What Does This Mean For Your Business?
Many smaller businesses that are less directly reliant upon the most-up-to-date computers may not be particularly concerned at the present time about the challenge to Moore’s Law, but all businesses are likely to be indirectly affected as their tech giant suppliers struggle to keep improving the capacity of their data-centres, and chip manufacturers struggle with the challenges of chip shortages coupled with the technical difficulties of designing and creating smaller chips with the right levels of performance fast enough.

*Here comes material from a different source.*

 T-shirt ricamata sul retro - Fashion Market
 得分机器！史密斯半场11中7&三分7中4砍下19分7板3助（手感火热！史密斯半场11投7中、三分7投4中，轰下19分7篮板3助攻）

Many see AI and machine learning as the gateway to finding innovative solutions to improving chip design and computing power, but these also rely on data centres and other areas of computing that have been challenged by the pressure on Moore’s Law.
A more likely way forward might be that chip designs will need to be improved and highly specialised versions will need to be produced, and Microsoft and Intel have already made a start on this by working on reconfigurable chips. Also, the big tech companies may need to collaborate on their R &D in order to find the way forward in increasing the rate of improvement of computing power that can ensure that businesses can drive their products, services, and innovation forward.